Regain pour la création des points de jeux

Le regain des promoteurs des points de jeux loto évolue à une vitesse exceptionnelle, surtout dans l’arrondissement de Hêvié, une localité encore enclavée de la commune d’Abomey-Calavi. En face du Complexe Scolaire Sainte Bernadette, au quartier Adovié, un autre point vient de voir fraîchement le jour. Il s’agit d’une initiative visiblement appréciée par une frange de la population dominée des femmes et jeunes gens qui viennent tenter leurs chances. « Si un enseignant ou parent d’élève joue le jeu loto en présence des élèves, c’est qu’il attise en eux la curiosité. Ce n’est pas bien. Il est bon d’analyser aussi les risques des jeux de hasard avant de les installer dans les zones sensibles, surtout à côté des écoles », rappelle à l’attention des parieurs et accros du loto, Christophe Zéounpké, parent d’élève résidant à Hêvié. « Les probabilités les plus faciles, c’est deux. Tu peux donner deux numéros et espérer que cela va sortir lors du tirage. Tu peux donner trois numéros et dire que c’est deux qui vont sortir.
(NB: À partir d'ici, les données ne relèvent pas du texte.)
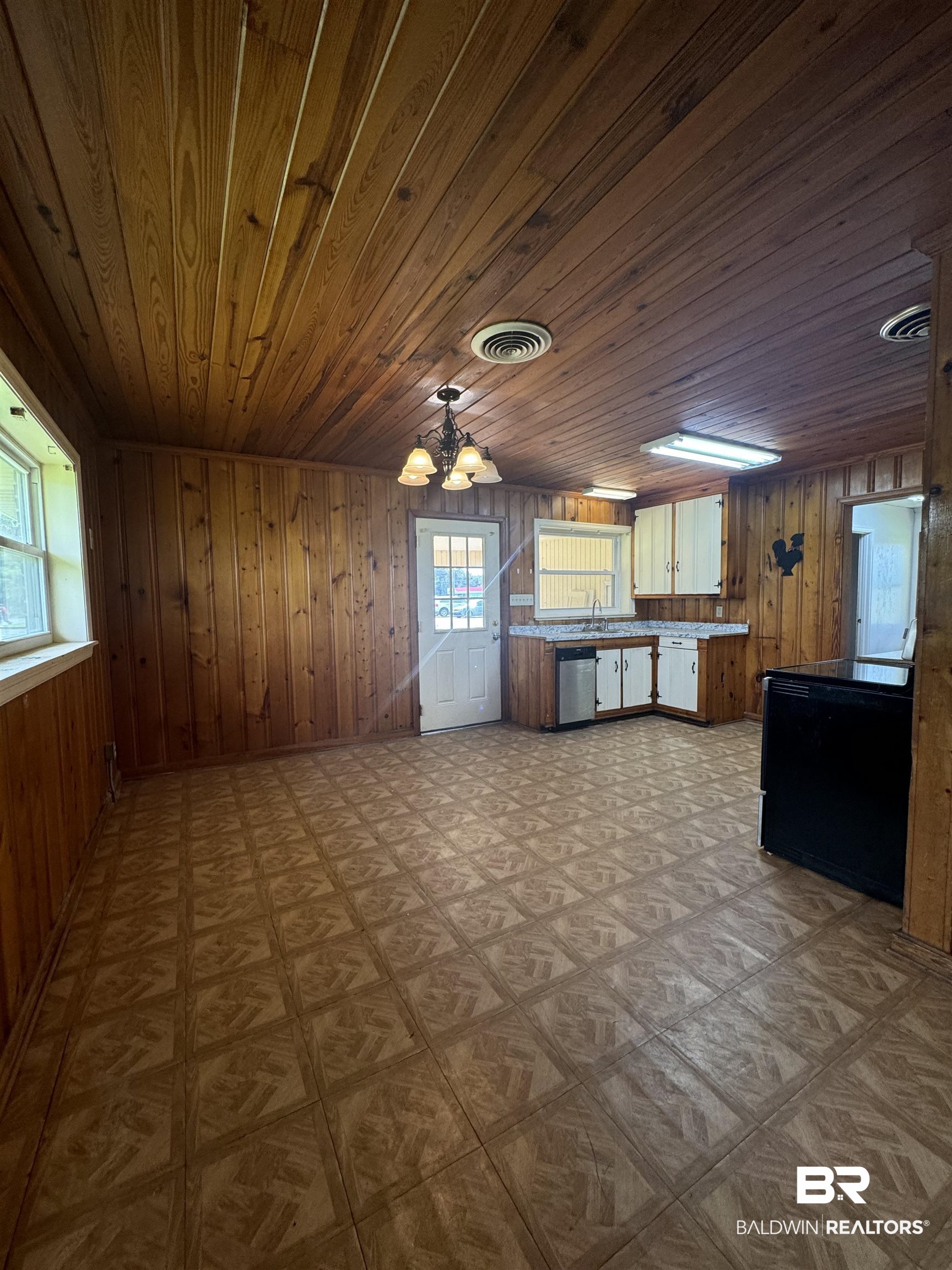 22720 Highway 31 Flomaton, AL 36441 - Photo 13 of 22 Kitchen with sink, wooden walls, wood ceiling, and dishwasher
Tu peux donner quatre numéros et proposer que deux viennent. Ça dépend du nombre de numéros que tu souhaites donner. Tout ça à un prix. Tu peux donner de 1 à 20 et ça te fait 200 Francs Cfa. Si deux sortent, c’est que tu gagnes 5000 Francs Cfa. Ça dépend en effet du montant misé sur ton pari. C’est un jeu qu’on joue avant 13 heures 30 minutes pour avoir le premier résultat et le second résultat est à 18 heures. Donc, il faut jouer avant 17 heures 30 minutes », explique ce parent d’élève, lui-même parieur du jeu loto, qui s’est confié à Educ’Action, sous anonymat. Il poursuit dans ses envolées explicatives, martelant que le prix minimum du pari est de 40 Francs par ticket à cause du ticket. Du constat fait sur le terrain, les points de jeux les plus visibles jouxtant des établissements privés comme publics dans l’arrondissement de Hêvié, sont des points de loto. Néanmoins, il faut souligner que des salles de jeux comme les jeux vidéo et le baby foot sont aussi à la portée des apprenants.